How many steps should we take a day? Even with all we now know, 10,000 isn’t a bad number. It just shouldn’t necessarily be a goal. Studies that connect step volume to longevity routinely hover in the 5,000- to 8,000-step range. I’d recommend monitoring your daily step-count routine over the course of a week. Even if you think you know it, there’s a decent chance it’s been affected one way or another by the quarantine. If you’re way below 5,000-8,000, see if there is an opportunity to get that number up. But be conscious of the kind and quality of steps you’re taking, too. Walk with purpose for portions of the day, seeking out either an increased stride rate or a steeper grade of path, in the form of hills or stairs. And remember, all the other exercises you’re doing count, too. Rocky liked running up steps, but his body was built with push-ups.
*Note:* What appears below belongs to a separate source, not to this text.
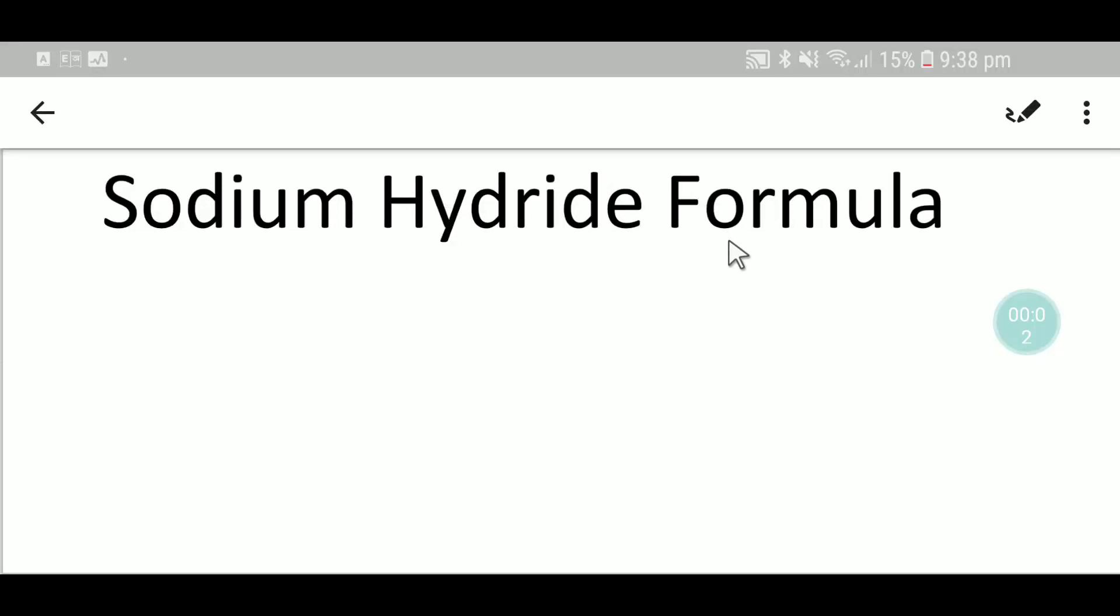Welcome to chemistry tutorial 360. Today we are going to write the formula for sodium hydride.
Most of all, remember to enjoy the steps you do take. Last week, The New York Times asked New Yorkers to share “the things they achingly miss” during quarantine. I long for my daily constitutional from InsideHook’s office in Midtown to the lower reaches of Central Park. The Heckscher Ballfields are down there and I like to stop and watch the midday games, which are inexplicably comprised of coeds in their mid-20s and guys who look like they taught at NYU in the ’90s. It was going to be my job this spring to find out how they all know each other. I miss scrambling over the schist, knowing the bench that gets the most sun, dodging selfies. It’s admirable to try to improve your physical conditioning each day with thousands of steps — just remember to leave a few hundred or so for the soul.